I riflettori sono puntati su un misterioso aereo sperimentale cinese soprannominato “Bohai Sea Monster”. Nelle ultime ore sono circolate sui social alcune foto che mostrano per la prima volta quattro piloni sotto le ali del mezzo, elementi tipici dei velivoli militari destinati al trasporto di armamenti o sensori. Si tratta di un dettaglio che rafforza l’ipotesi che il programma non sia limitato a ruoli logistici, ma stia evolvendo verso una possibile configurazione da combattimento. Ecco che cosa sappiamo.

Il super aereo cinese

Il “Bohai Sea Monster” appartiene alla categoria dei cosiddetti ekranoplan, velivoli a effetto suolo che volano a pochi metri dalla superficie dell’acqua sfruttando un cuscino d’aria generato tra le ali e il mare. Questo consente di raggiungere velocità superiori a quelle delle navi tradizionali, mantenendo al contempo un profilo di volo molto basso, difficilmente intercettabile dai radar terrestri.

Il concetto non è nuovo: sperimentato già a partire dal Novecento, fu sviluppato in maniera più avanzata dall’Unione Sovietica durante la Guerra Fredda, con mezzi capaci di trasportare truppe e veicoli attraverso il Mar Caspio a oltre 500 chilometri orari. Proprio da quella stagione deriva il soprannome “Sea Monster”, utilizzato per descrivere le imponenti macchine sovietiche difficili da classificare per l’intelligence occidentale.
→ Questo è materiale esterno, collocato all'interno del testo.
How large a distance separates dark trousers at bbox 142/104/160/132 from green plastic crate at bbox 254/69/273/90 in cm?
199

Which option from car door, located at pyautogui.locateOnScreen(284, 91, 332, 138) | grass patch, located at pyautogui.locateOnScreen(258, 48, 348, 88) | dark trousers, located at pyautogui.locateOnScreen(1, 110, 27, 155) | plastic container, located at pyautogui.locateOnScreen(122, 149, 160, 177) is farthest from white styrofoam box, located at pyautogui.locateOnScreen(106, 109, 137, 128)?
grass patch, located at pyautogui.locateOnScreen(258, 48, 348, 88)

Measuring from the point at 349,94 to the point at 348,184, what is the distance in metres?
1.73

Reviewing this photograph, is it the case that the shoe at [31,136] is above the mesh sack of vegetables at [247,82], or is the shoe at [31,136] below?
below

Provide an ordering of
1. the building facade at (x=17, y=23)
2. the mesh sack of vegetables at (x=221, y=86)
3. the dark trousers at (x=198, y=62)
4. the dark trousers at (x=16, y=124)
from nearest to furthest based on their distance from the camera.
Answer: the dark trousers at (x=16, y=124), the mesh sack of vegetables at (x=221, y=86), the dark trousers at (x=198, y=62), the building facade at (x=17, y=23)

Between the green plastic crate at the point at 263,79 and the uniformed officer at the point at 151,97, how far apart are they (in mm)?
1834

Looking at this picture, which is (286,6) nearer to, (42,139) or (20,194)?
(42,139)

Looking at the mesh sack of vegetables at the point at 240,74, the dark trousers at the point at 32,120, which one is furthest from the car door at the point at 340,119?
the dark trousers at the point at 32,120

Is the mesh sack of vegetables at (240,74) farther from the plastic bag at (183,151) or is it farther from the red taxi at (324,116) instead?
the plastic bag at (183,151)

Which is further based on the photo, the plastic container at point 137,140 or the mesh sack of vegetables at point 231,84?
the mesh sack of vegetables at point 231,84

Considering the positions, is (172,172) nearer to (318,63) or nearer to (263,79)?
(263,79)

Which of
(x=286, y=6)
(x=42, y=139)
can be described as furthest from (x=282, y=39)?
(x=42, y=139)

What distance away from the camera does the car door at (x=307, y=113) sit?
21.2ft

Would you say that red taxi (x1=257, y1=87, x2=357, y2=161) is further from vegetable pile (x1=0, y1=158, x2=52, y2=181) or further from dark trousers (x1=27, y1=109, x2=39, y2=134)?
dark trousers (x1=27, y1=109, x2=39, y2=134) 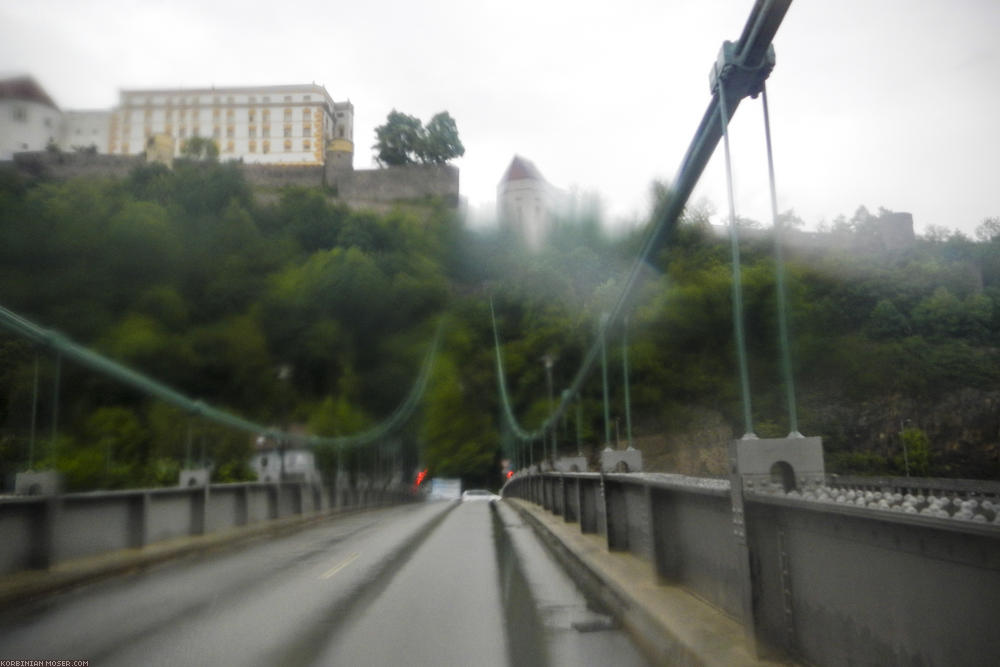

Il prototipo cinese è stato individuato per la prima volta nel 2025 dall’analista H.I. Sutton, che lo aveva documentato in maniera approfondita. Le immagini più recenti, analizzate da Defence Blog, mostrano una configurazione a quattro motori turboelica montati sopra le ali, un grande scafo con carena a gradino per decolli e ammaraggi, e una coda a V di grandi dimensioni. A questo impianto si aggiungono galleggianti laterali per stabilità e un abitacolo frontale per l’equipaggio.

Una novità interessante

Il nuovo elemento chiave sono però i quattro piloni subalari, che aprono scenari su un possibile impiego multi-ruolo: dal trasporto rapido di truppe o mezzi leggeri fino all’eventuale integrazione di sistemi d’arma o pod sensoriali.

Un velivolo a effetto suolo offre vantaggi difficili da replicare: velocità elevate rispetto alle unità navali, capacità di operare sotto la soglia radar e possibilità di coprire rapidamente distanze come quelle dello Stretto di Taiwan, inferiori ai 200 chilometri nel punto più vicino. In uno scenario di crisi, un mezzo del genere potrebbe ridurre drasticamente i tempi di risposta, consentendo il trasferimento rapido di uomini e materiali lungo le coste o tra le basi nel Mar Cinese Meridionale.

Resta però un’incognita centrale: ossia il grado di maturità del progetto cinese. Le immagini confermano l’esistenza di un prototipo avanzato, ma non chiariscono prestazioni, capacità operative né lo stato reale dei test. Quel che appare sempre più evidente, tuttavia, è che il “Bohai Sea Monster” non è più soltanto un esperimento aeronautico, ma un programma con possibili implicazioni militari già in fase di definizione.